- _What you will do_:
Set down, unchanged, the line holding "Prueba de Alergias: ¿Eres" and all lines that follow it to the end of the material, leaving pictures out.

- _Extracted data_:
═══

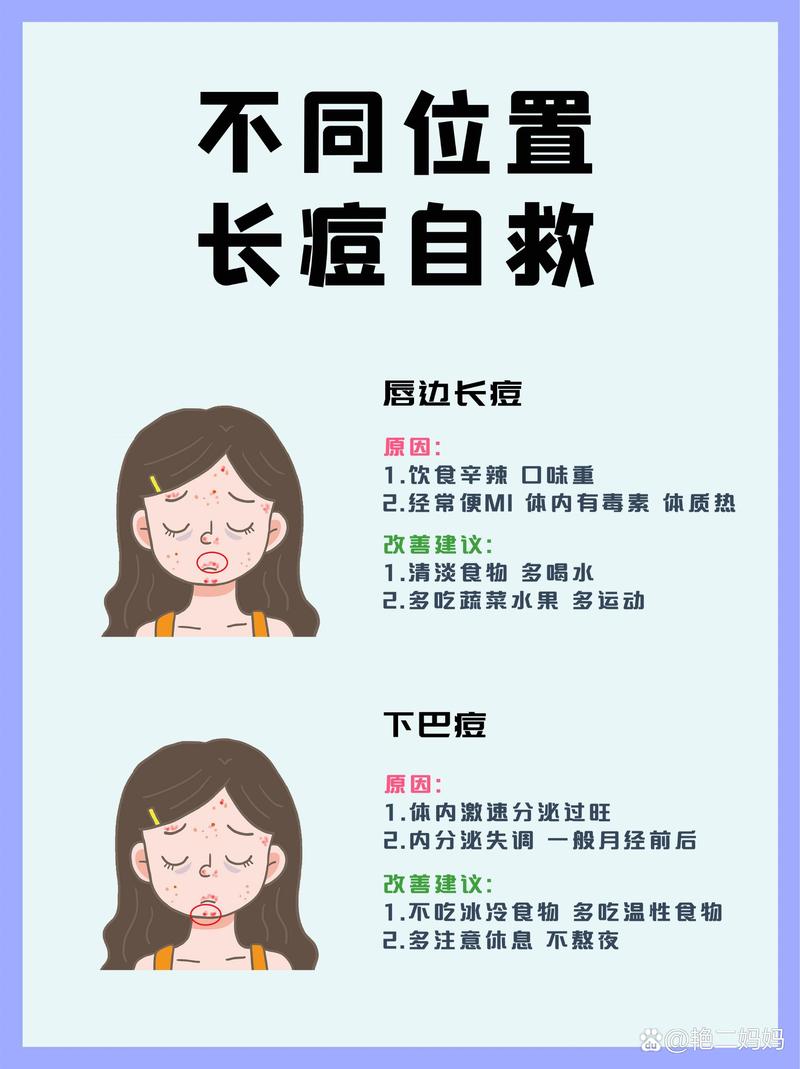 经常长痘痘是什么原因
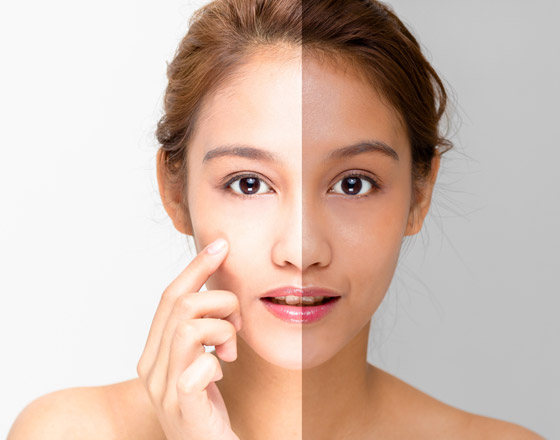 أفضل الخلطات الطبيعية لتبييض البشرة ونصائح مهمة لاستعادة بريق الوجه صورة رقم 5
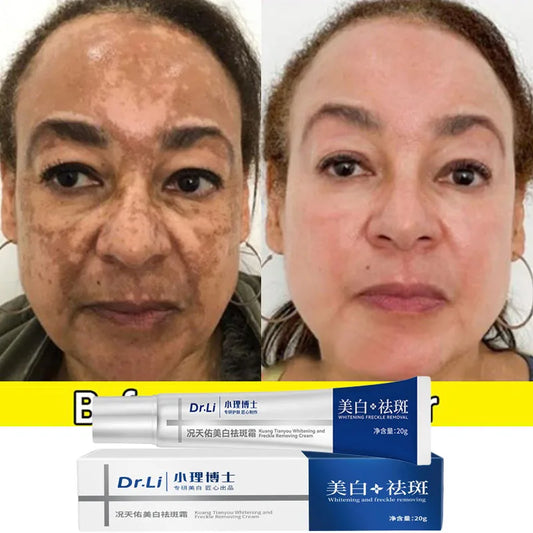 Whitening Freckles Cream - Korean Skincare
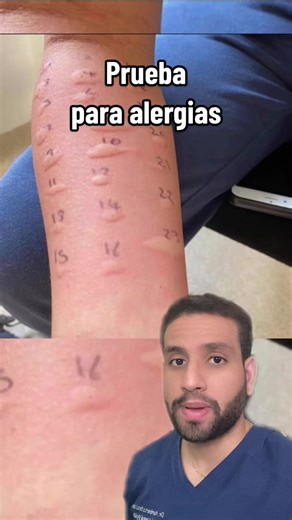 Prueba de Alergias: ¿Eres Alérgico y No Sabes a Qué?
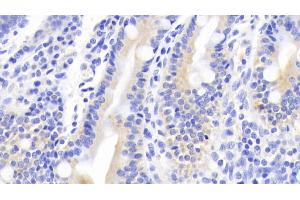 Detection of MUC5B in Human Small intestine Tissue using Polyclonal Antibody to Mucin 5 Subtype B (MUC5B) (MUC5B 抗体  (AA 5366-5444))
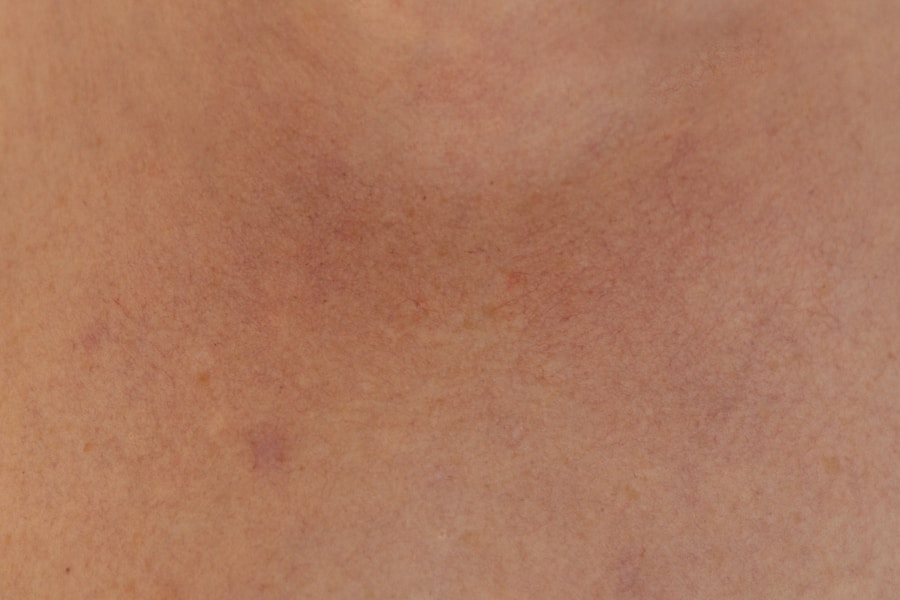 Photo Cystic acne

═══

- _Answer below_:
 Prueba de Alergias: ¿Eres Alérgico y No Sabes a Qué?
 Detection of MUC5B in Human Small intestine Tissue using Polyclonal Antibody to Mucin 5 Subtype B (MUC5B) (MUC5B 抗体  (AA 5366-5444))
 Photo Cystic acne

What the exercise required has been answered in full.